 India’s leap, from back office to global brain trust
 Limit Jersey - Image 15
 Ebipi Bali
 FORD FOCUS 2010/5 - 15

--

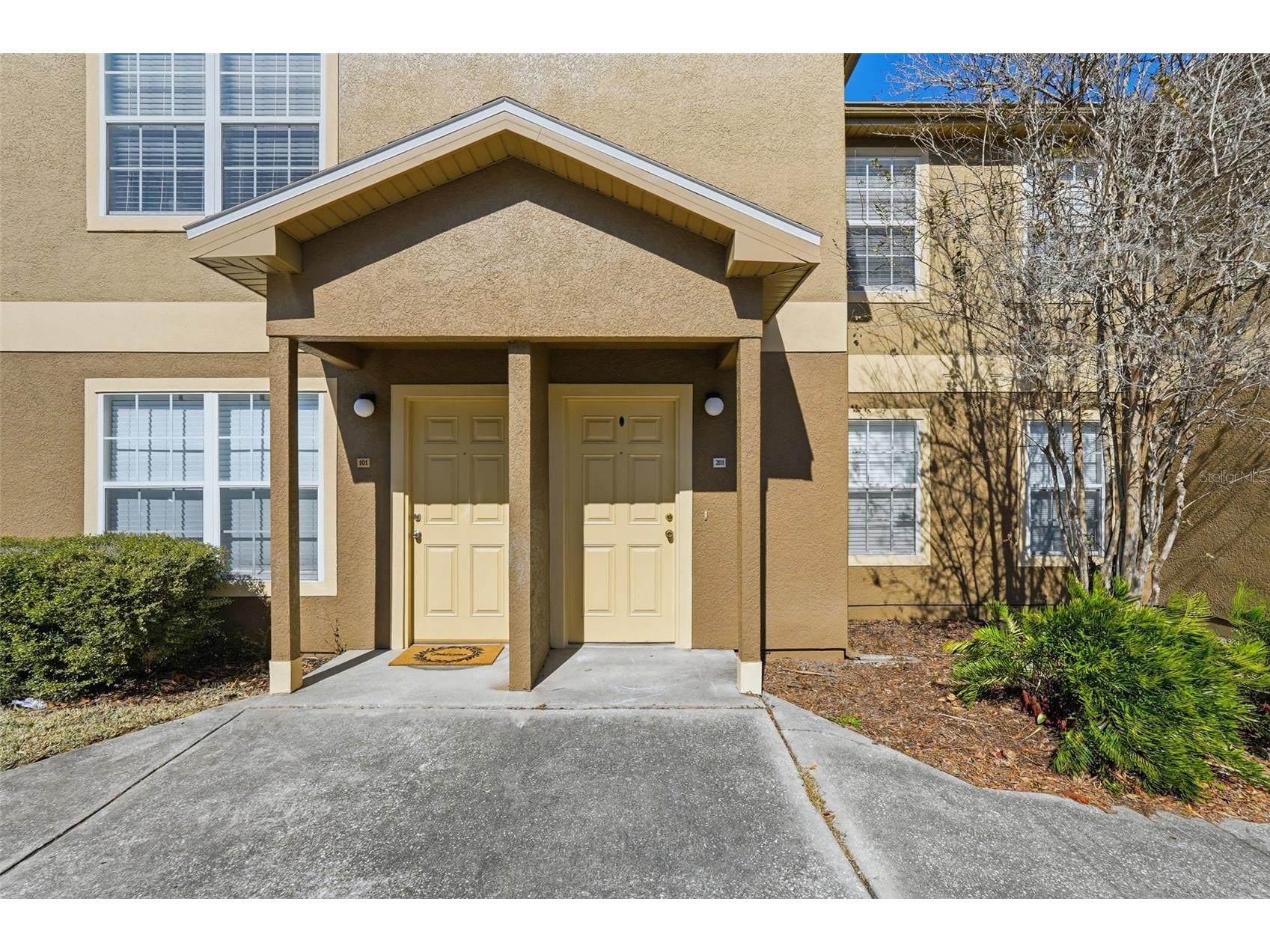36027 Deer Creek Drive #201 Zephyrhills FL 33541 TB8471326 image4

• **DIRECTIONS FOR THIS TASK**
Copy the lines above exactly, beginning at the line that has "India’s leap, from" and stopping after the line that has "FORD FOCUS 2010/5 - 15", and omit the rest.

• **SOLUTION TO THIS PROBLEM**
 India’s leap, from back office to global brain trust
 Limit Jersey - Image 15
 Ebipi Bali
 FORD FOCUS 2010/5 - 15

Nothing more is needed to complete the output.